Segment Open

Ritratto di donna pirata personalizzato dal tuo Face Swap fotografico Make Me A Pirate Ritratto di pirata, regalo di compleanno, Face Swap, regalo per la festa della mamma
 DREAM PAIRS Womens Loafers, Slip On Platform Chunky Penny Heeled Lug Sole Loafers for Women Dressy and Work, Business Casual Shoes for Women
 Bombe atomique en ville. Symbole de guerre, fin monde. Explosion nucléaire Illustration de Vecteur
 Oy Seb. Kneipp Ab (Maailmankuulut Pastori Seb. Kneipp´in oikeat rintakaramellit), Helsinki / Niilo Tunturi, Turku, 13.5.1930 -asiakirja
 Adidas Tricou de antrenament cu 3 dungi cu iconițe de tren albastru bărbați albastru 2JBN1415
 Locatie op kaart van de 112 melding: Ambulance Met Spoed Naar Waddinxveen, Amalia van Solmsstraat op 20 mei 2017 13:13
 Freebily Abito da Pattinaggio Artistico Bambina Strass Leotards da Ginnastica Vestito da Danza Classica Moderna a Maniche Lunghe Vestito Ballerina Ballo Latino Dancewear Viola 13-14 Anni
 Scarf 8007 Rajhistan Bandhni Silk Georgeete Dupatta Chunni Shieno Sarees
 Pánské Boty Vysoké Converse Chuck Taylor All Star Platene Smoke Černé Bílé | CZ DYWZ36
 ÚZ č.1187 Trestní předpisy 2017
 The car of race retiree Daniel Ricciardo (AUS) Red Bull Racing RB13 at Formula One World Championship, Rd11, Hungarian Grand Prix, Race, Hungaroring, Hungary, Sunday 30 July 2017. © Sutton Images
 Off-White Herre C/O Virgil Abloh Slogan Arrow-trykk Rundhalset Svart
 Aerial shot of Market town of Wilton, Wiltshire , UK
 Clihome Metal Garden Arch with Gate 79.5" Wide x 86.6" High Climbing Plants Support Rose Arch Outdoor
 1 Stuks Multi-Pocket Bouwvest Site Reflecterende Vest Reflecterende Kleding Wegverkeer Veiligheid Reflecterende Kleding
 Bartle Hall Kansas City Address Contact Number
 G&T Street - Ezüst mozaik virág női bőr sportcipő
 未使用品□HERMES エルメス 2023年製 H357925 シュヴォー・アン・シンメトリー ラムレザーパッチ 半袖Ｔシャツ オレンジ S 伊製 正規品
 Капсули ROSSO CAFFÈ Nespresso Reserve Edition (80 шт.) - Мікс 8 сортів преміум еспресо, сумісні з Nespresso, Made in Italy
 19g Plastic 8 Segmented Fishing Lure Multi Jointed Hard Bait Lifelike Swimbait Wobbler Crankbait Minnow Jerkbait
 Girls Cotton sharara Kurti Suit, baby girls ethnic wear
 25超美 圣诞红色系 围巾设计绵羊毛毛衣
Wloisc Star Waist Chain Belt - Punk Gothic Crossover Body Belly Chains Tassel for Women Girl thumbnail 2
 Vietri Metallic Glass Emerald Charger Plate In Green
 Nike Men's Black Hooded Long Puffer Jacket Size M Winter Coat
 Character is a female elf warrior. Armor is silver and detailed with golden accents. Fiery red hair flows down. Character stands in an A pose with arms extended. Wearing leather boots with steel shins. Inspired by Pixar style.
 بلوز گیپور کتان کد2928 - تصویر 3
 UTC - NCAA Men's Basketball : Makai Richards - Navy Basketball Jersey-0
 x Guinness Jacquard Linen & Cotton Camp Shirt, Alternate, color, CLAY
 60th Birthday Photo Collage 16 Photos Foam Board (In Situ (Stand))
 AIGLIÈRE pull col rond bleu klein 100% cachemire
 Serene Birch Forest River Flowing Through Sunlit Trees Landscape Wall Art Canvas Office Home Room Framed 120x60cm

Segment Closed

> [What is expected]:
Retype the material above in full, with nothing altered.

> [Exercise result]:
Ritratto di donna pirata personalizzato dal tuo Face Swap fotografico Make Me A Pirate Ritratto di pirata, regalo di compleanno, Face Swap, regalo per la festa della mamma
 DREAM PAIRS Womens Loafers, Slip On Platform Chunky Penny Heeled Lug Sole Loafers for Women Dressy and Work, Business Casual Shoes for Women
 Bombe atomique en ville. Symbole de guerre, fin monde. Explosion nucléaire Illustration de Vecteur
 Oy Seb. Kneipp Ab (Maailmankuulut Pastori Seb. Kneipp´in oikeat rintakaramellit), Helsinki / Niilo Tunturi, Turku, 13.5.1930 -asiakirja
 Adidas Tricou de antrenament cu 3 dungi cu iconițe de tren albastru bărbați albastru 2JBN1415
 Locatie op kaart van de 112 melding: Ambulance Met Spoed Naar Waddinxveen, Amalia van Solmsstraat op 20 mei 2017 13:13
 Freebily Abito da Pattinaggio Artistico Bambina Strass Leotards da Ginnastica Vestito da Danza Classica Moderna a Maniche Lunghe Vestito Ballerina Ballo Latino Dancewear Viola 13-14 Anni
 Scarf 8007 Rajhistan Bandhni Silk Georgeete Dupatta Chunni Shieno Sarees
 Pánské Boty Vysoké Converse Chuck Taylor All Star Platene Smoke Černé Bílé | CZ DYWZ36
 ÚZ č.1187 Trestní předpisy 2017
 The car of race retiree Daniel Ricciardo (AUS) Red Bull Racing RB13 at Formula One World Championship, Rd11, Hungarian Grand Prix, Race, Hungaroring, Hungary, Sunday 30 July 2017. © Sutton Images
 Off-White Herre C/O Virgil Abloh Slogan Arrow-trykk Rundhalset Svart
 Aerial shot of Market town of Wilton, Wiltshire , UK
 Clihome Metal Garden Arch with Gate 79.5" Wide x 86.6" High Climbing Plants Support Rose Arch Outdoor
 1 Stuks Multi-Pocket Bouwvest Site Reflecterende Vest Reflecterende Kleding Wegverkeer Veiligheid Reflecterende Kleding
 Bartle Hall Kansas City Address Contact Number
 G&T Street - Ezüst mozaik virág női bőr sportcipő
 未使用品□HERMES エルメス 2023年製 H357925 シュヴォー・アン・シンメトリー ラムレザーパッチ 半袖Ｔシャツ オレンジ S 伊製 正規品
 Капсули ROSSO CAFFÈ Nespresso Reserve Edition (80 шт.) - Мікс 8 сортів преміум еспресо, сумісні з Nespresso, Made in Italy
 19g Plastic 8 Segmented Fishing Lure Multi Jointed Hard Bait Lifelike Swimbait Wobbler Crankbait Minnow Jerkbait
 Girls Cotton sharara Kurti Suit, baby girls ethnic wear
 25超美 圣诞红色系 围巾设计绵羊毛毛衣
Wloisc Star Waist Chain Belt - Punk Gothic Crossover Body Belly Chains Tassel for Women Girl thumbnail 2
 Vietri Metallic Glass Emerald Charger Plate In Green
 Nike Men's Black Hooded Long Puffer Jacket Size M Winter Coat
 Character is a female elf warrior. Armor is silver and detailed with golden accents. Fiery red hair flows down. Character stands in an A pose with arms extended. Wearing leather boots with steel shins. Inspired by Pixar style.
 بلوز گیپور کتان کد2928 - تصویر 3
 UTC - NCAA Men's Basketball : Makai Richards - Navy Basketball Jersey-0
 x Guinness Jacquard Linen & Cotton Camp Shirt, Alternate, color, CLAY
 60th Birthday Photo Collage 16 Photos Foam Board (In Situ (Stand))
 AIGLIÈRE pull col rond bleu klein 100% cachemire
 Serene Birch Forest River Flowing Through Sunlit Trees Landscape Wall Art Canvas Office Home Room Framed 120x60cm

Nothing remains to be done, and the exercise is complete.